The first photo here is of the Division Street end of the Saratoga Springs, NY, rail depot. Behind it looms the back wing of the United States Hotel, which ran two full blocks down to Broadway and then back again, enclosing several acres.
The engraving and second photo are of the courtyard of the hotel, said to be the world’s largest building at the time of its construction, eclipsed a few years later by the Grand Union Hotel next door.
The United State Hotel surrounded this courtyard on 3-1/2 sides. Here guests could wander among the splendid flower beds and fountains, separated by the huge wall of the hotel from the din and smell of the city.
On the south side is what was known as “cottage row” – basically small rowhouses connected by porches to the main building. This afforded wealthy patrons (and it’s said, often their mistresses) an opportunity to be out of sight of the gawkers, yet within range of the hotel’s servants and wait staff.
Part of the wonder these hotels brought was their sheer size. These were not really due to major advances in building construction technology, so much as two auxiliary advances that made these buildings possible. The safety elevator was one. The second was indoor plumbing. These allowed for the rise of enormous hotels like those at Saratoga Springs, luxurious apartment buildings in the late 19th century, and skyscrapers in the 20th.

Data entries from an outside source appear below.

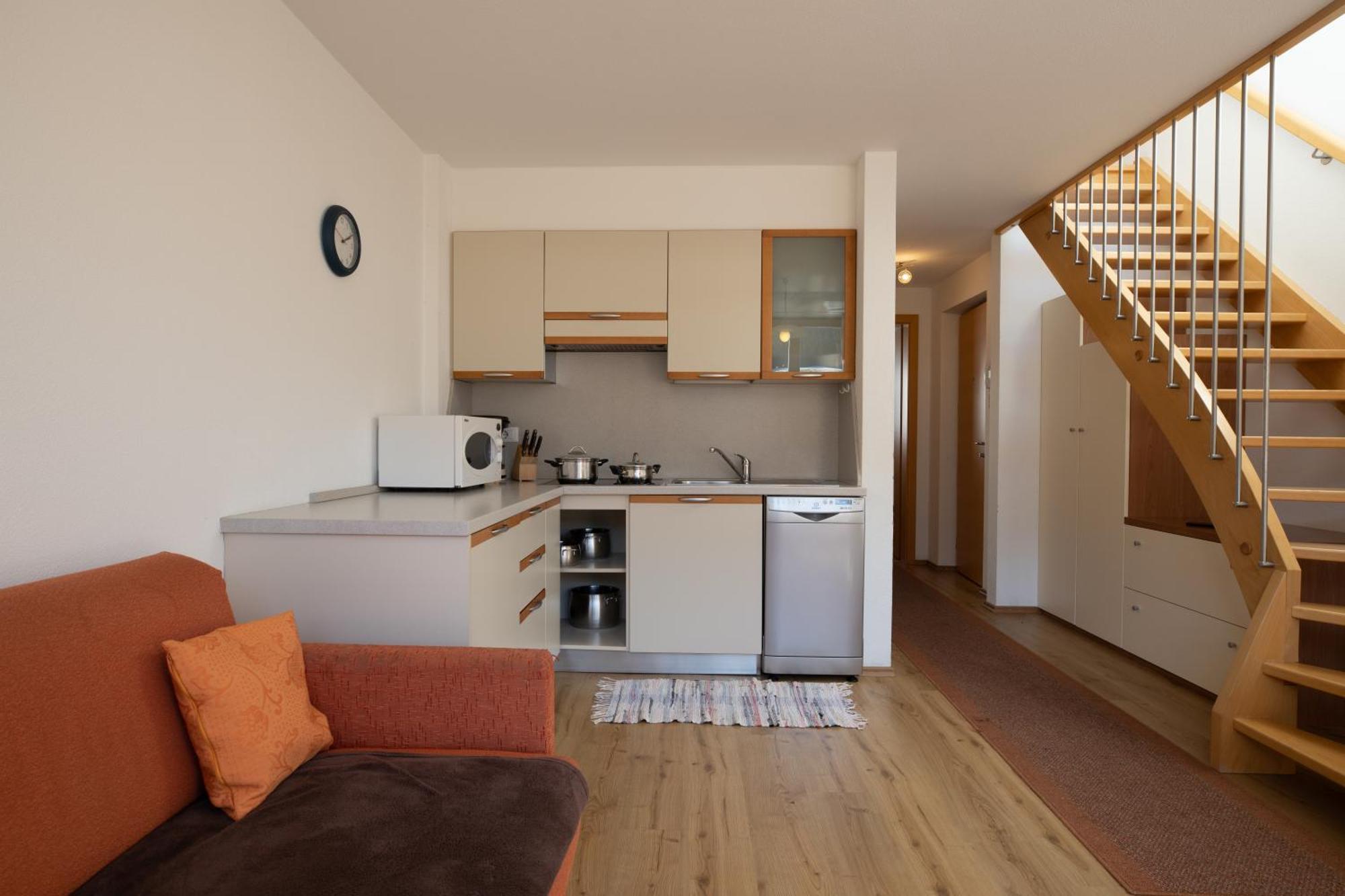 Appartements Durnbrunn Valdaora Esterno foto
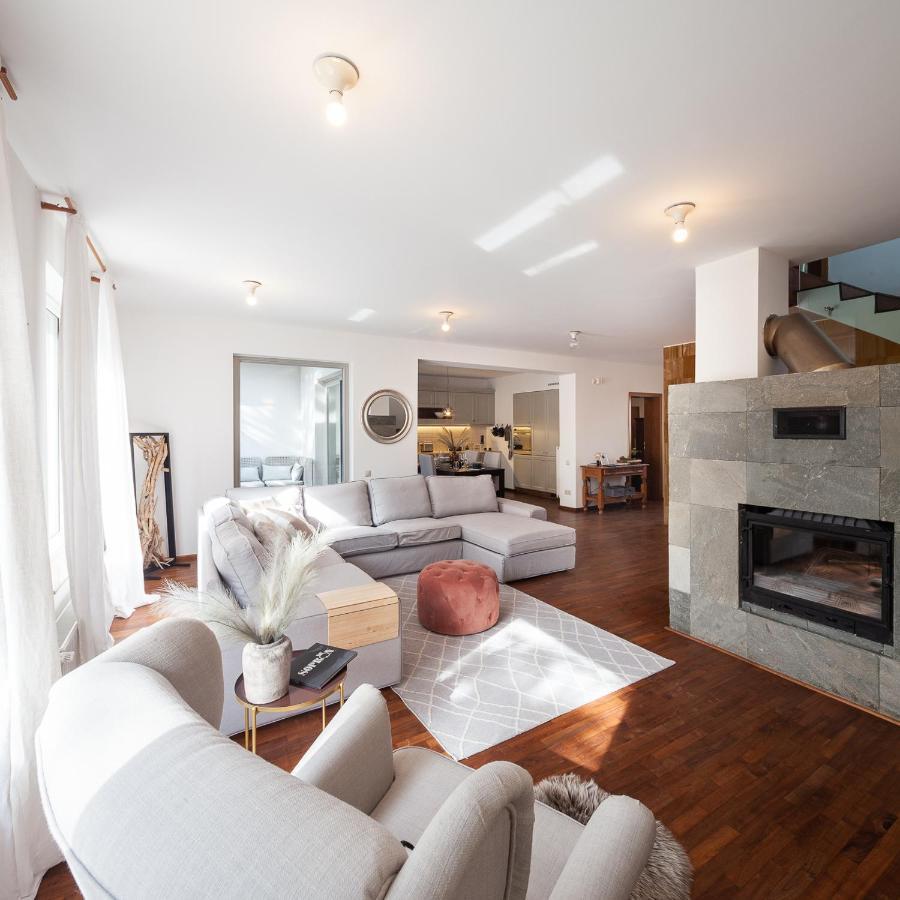 Silver Willow Luxury Apartment Sopron Bagian luar foto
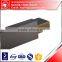 2015 Types of 6063 t5 aluminum industrial profile with latest technology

Indoor pluming – ahem, toilets – was not an idea no one had ever thought of. Norman castles had toilets arranged along the outer walls, which opened above the moat. (Toilet is derived from the French lette suffix for “little,” hence a place to toil over oneself, i.e., a dressing room, and only later, a bathroom.)
In more modest dwellings, outhouse was placed far to the rear of a lot. (See the 1870s photo of Salem, NY.) As a result, the typical urban plot was 25 feet wide and 100 feet deep – as per the map of Troy in about 1858.
This helped limit housing to single-families, as one needed to go down the stairs and outside to relieve oneself. Typical row houses had the master bedroom on the second floor, a kitchen and servant space in the basement (the “upstairs-downstairs” concept of English upper classes) and the secondary residents – children, unmarried family members and such, on the third floor.
When it was not convenient to go outside, particularly at night, there was the chamber pot – basically a fancy bucket – in one’s bedroom (hence going to the “potty”). It was often the disagreeable task of children (or servants if you were luck enough to have them) to empty the chamber pots in the morning.
A key invention of the indoor toilet was the water trap, an “S” shaped piping on its side. The lower curve holds water than traps sewer gases from coming up into the house. This is built into the toilet itself, but the same idea applies to the “P” pipe, under every sink. The water trap in invented by Scottish mechanic Alexander Cummings in 1775, but it took almost a century for it to become common.
One important reason was that water traps work best when there is a source of running water at the drain. For urban dwellers, this had to wait until the installation of municipal water supplies, and powered pumps where gravity feed wasn’t sufficient. (The use of metal pipes one of the many changes wrought by the use of “hot blasts” in blast furnaces around 1830).
The landmark Saratoga Hotels were the utmost in luxury, but they still had common bathrooms on each floor.
(In England, Richard D’Oyly Carte, the third partner of the Gilbert & Sullivan comic operas, opened the Savoy in 1899 – said to be the first hotel in the world with a bathroom in each room).
Illustrations, from above: Division Street end of the Saratoga Springs depot; engraving of courtyard of the United States Hotel; courtyard of the United States Hotel; Salem, NY in the 1870s; map of Troy c. 1858; and “P” pipe.
FYI: there was a wonderful wall panel exhibit of the history of indoor plumbing, etc.
in the public bathrooms of the National Museum of History and Technology (now American History) at the Smithsonian in the 1970’s.
You should be able to get copies of the exhibit panels from the SI Archives.
Advertisements, for resort hotels, from the time often refer to “Bathrooms and Water Closets on every floor” seemingly referring to two separate spaces having two different functions, the “Water Closet” containing the toilet and the “Bathroom” for taking baths in a bath tub? Would the “”Water Closet have become obsolete with the Scotish invention of the water trap?